Rems-Murr-Kreis

Existenzkampf gegen Groß-Buchhandel: Buocher Manfred Hennecke trotzt Amazon & Co

Manfred Hennecke
Der Buocher Kleinverleger Manfred Hennecke mit einem seiner in Fachkreisen sehr nachgefragten Orchideen-Bücher. Links im Regal Gerhard Fritz’ Katzen-Büchlein. © Alexandra Palmizi

Kurz vor Weihnachten lief bei Dr. Manfred Hennecke in Remshalden-Buoch das Telefon heiß. „Alle halbe Stunde“ klingelte es sogar an seiner Haustür. Das kann passieren, wenn man als Kleinverleger süffisante „Katzengeschichten für Erwachsene“ des Murrhardter Historikers Prof. Gerhard Fritz vertreibt, aber vom immer mehr monopolisierten Groß-Buchhandel mit Missachtung gestraft wird. Die Leute hatten bei uns in der Zeitung von dem Büchlein gelesen und wollten es bestellen, der Buchhandel hatte es aber nirgends gelistet.

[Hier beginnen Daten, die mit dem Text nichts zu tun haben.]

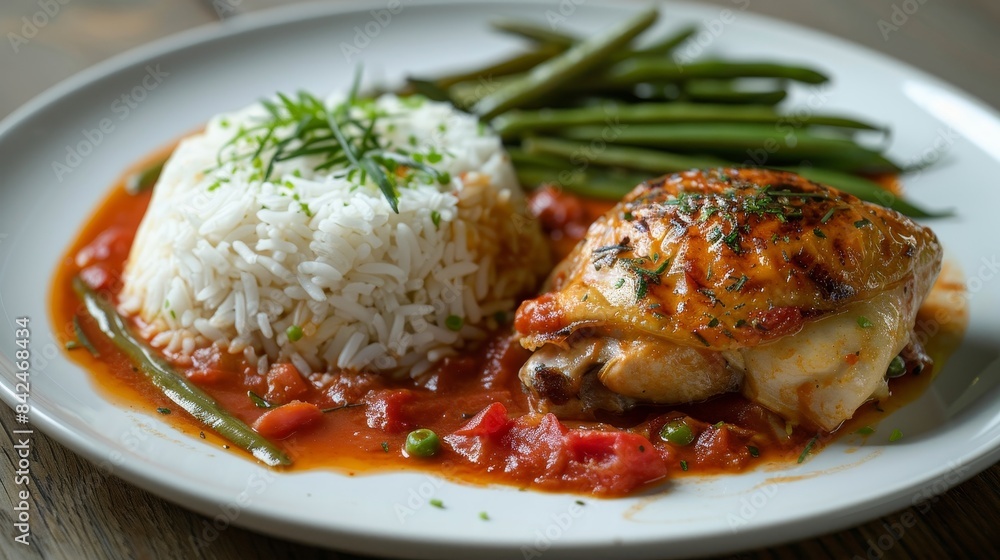 Perfectly plated chicken in tomato sauce, rice, and green beans, studio lighting, isolated background, raw style Perfectly plated chicken in tomato sauce, rice, and green beans, studio lighting, isolated background, raw style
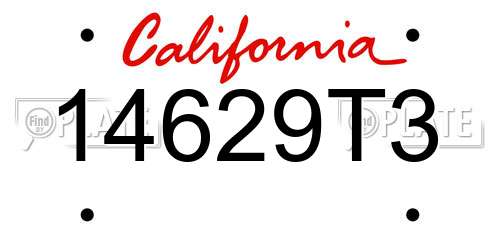 14629T3 California License Plate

„Ich habe meinen Verlag 1984 gegründet, mit vielen regionalen Büchern, habe über 100 Titel verlegt, circa 250 000 Bücher verkauft und alle Buchhandlungen im Rems-Murr-Kreis kennen mich. Was funktionierte da nicht?“, fragt Hennecke. Er hat aber aufgrund leidvoller Erfahrungen aus der Vergangenheit schon so seine Vermutungen.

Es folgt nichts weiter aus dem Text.